• [WHAT THE TASK ASKS] Your reply must contain the lines from the one with "Der Convento de" through the last line of the material, exact and complete, with no pictures and no other text.

** COLLECTED DATA follows **

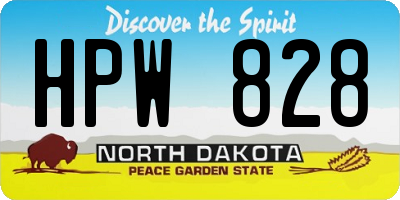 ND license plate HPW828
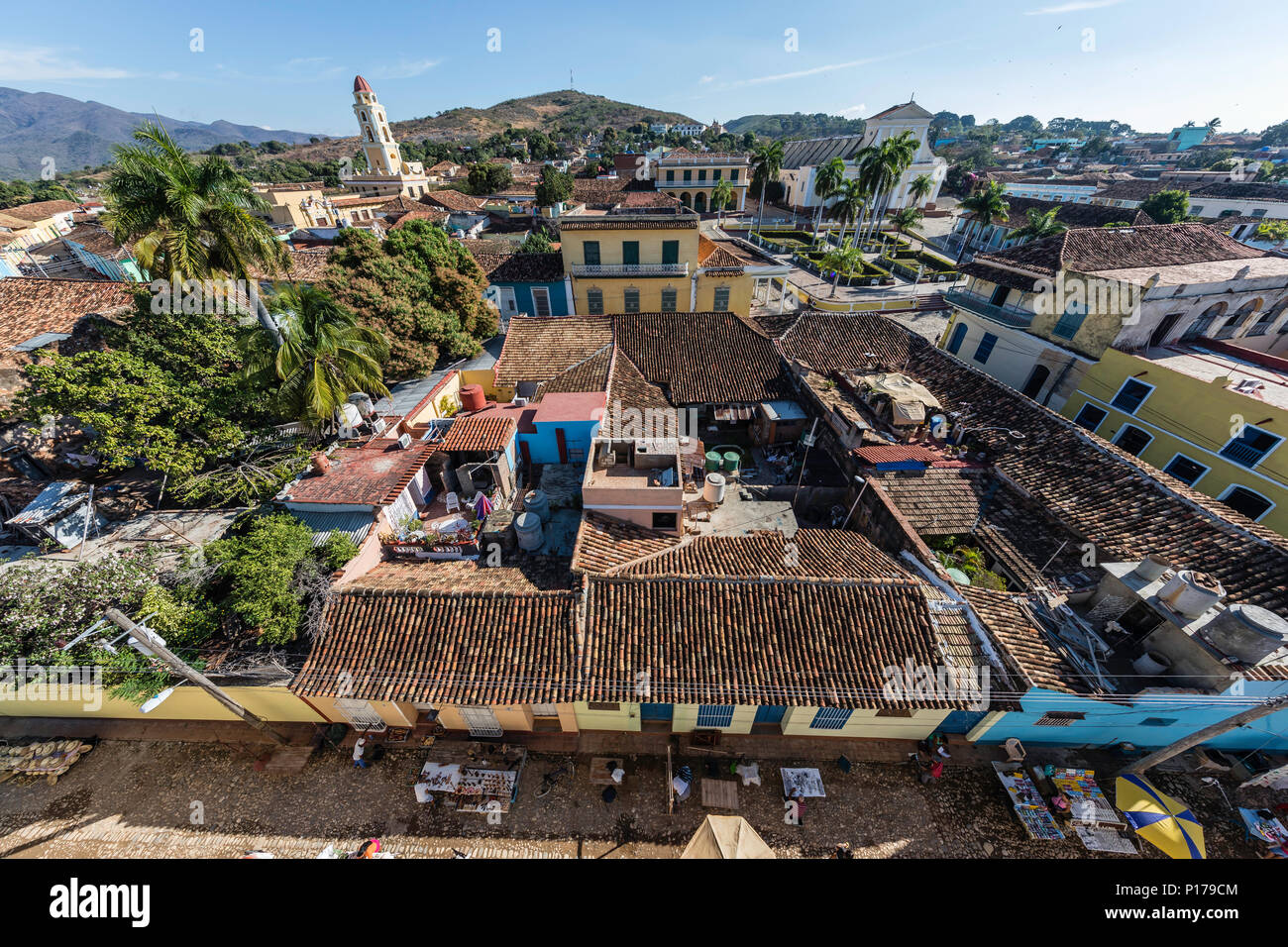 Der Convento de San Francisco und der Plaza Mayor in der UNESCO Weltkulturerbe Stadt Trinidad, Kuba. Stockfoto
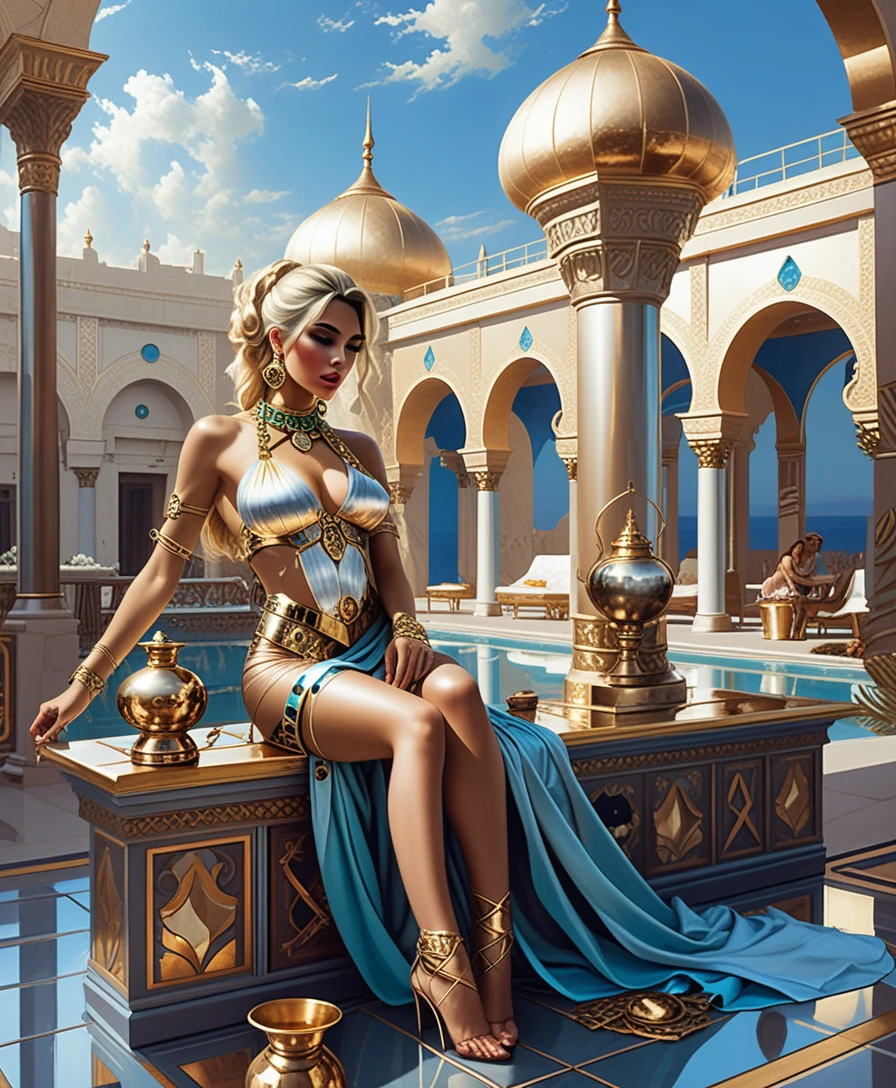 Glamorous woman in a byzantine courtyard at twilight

** End of COLLECTED DATA **

• [WRITTEN ANSWER]
 Der Convento de San Francisco und der Plaza Mayor in der UNESCO Weltkulturerbe Stadt Trinidad, Kuba. Stockfoto
 Glamorous woman in a byzantine courtyard at twilight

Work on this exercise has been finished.